Data entries:

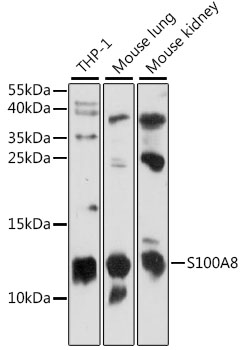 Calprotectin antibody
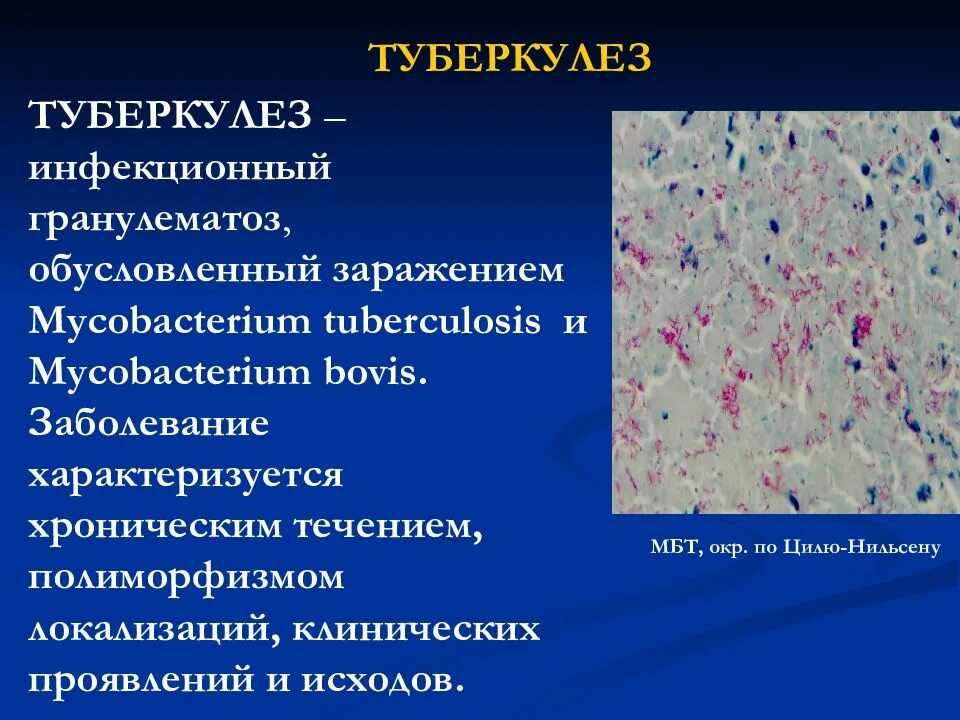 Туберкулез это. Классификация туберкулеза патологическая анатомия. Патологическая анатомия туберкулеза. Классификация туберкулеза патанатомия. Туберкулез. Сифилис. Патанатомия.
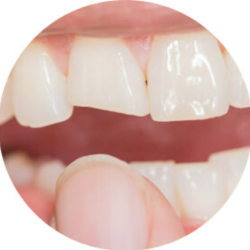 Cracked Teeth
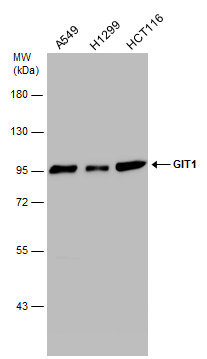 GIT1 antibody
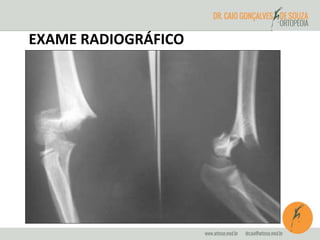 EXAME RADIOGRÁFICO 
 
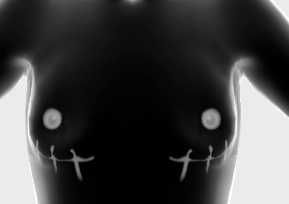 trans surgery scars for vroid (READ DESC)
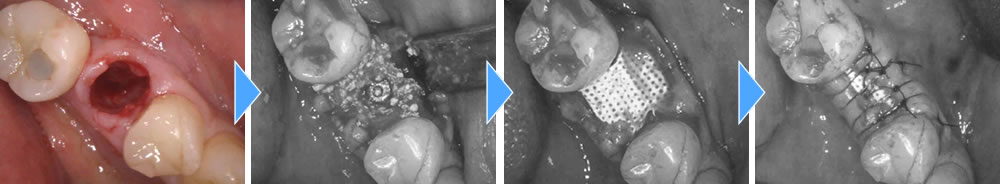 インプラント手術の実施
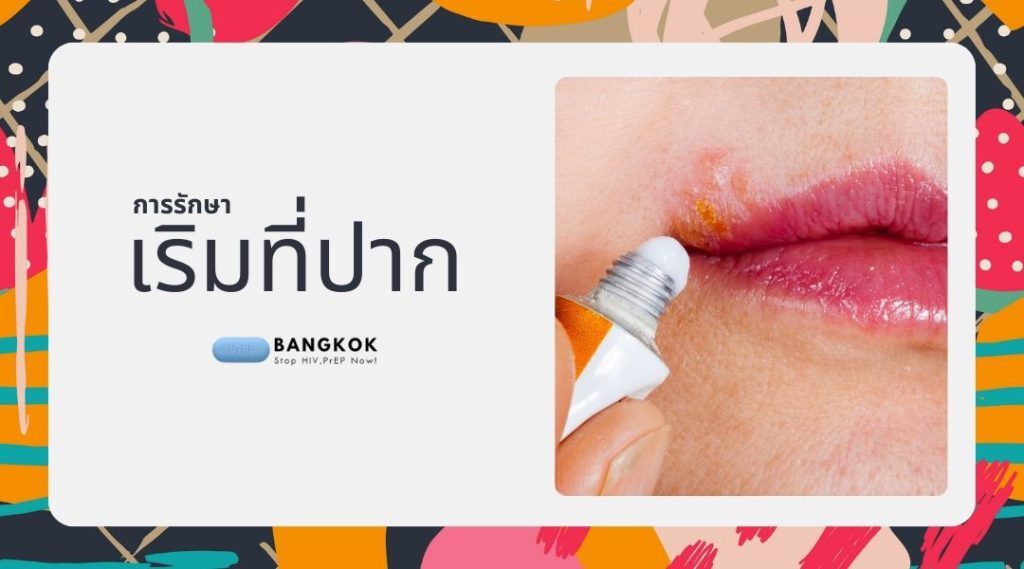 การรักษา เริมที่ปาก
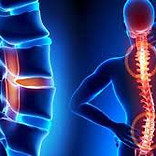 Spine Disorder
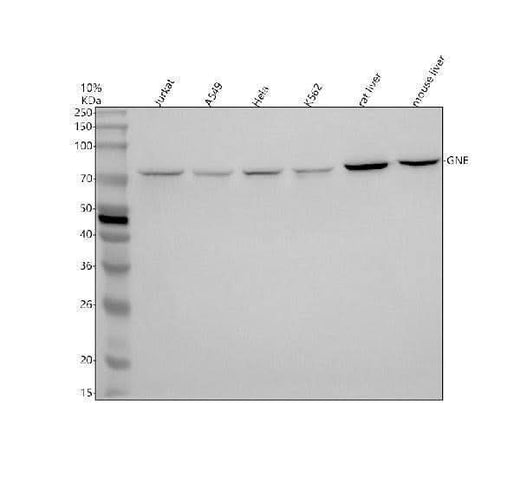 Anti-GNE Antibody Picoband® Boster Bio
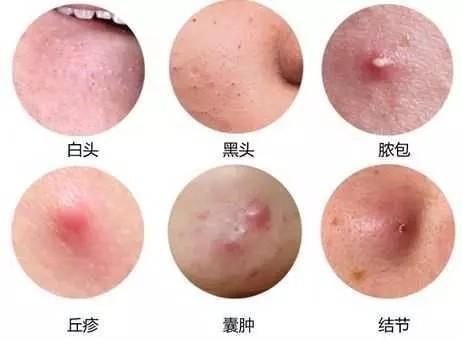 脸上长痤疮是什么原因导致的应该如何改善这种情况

> Exercise instructions:
Repeat the records exactly but leave out the images.

> Task response:
 Calprotectin antibody
 Туберкулез это. Классификация туберкулеза патологическая анатомия. Патологическая анатомия туберкулеза. Классификация туберкулеза патанатомия. Туберкулез. Сифилис. Патанатомия.
 Cracked Teeth
 GIT1 antibody
 EXAME RADIOGRÁFICO 
 
 trans surgery scars for vroid (READ DESC)
 インプラント手術の実施
 การรักษา เริมที่ปาก
 Spine Disorder
 Anti-GNE Antibody Picoband® Boster Bio
 脸上长痤疮是什么原因导致的应该如何改善这种情况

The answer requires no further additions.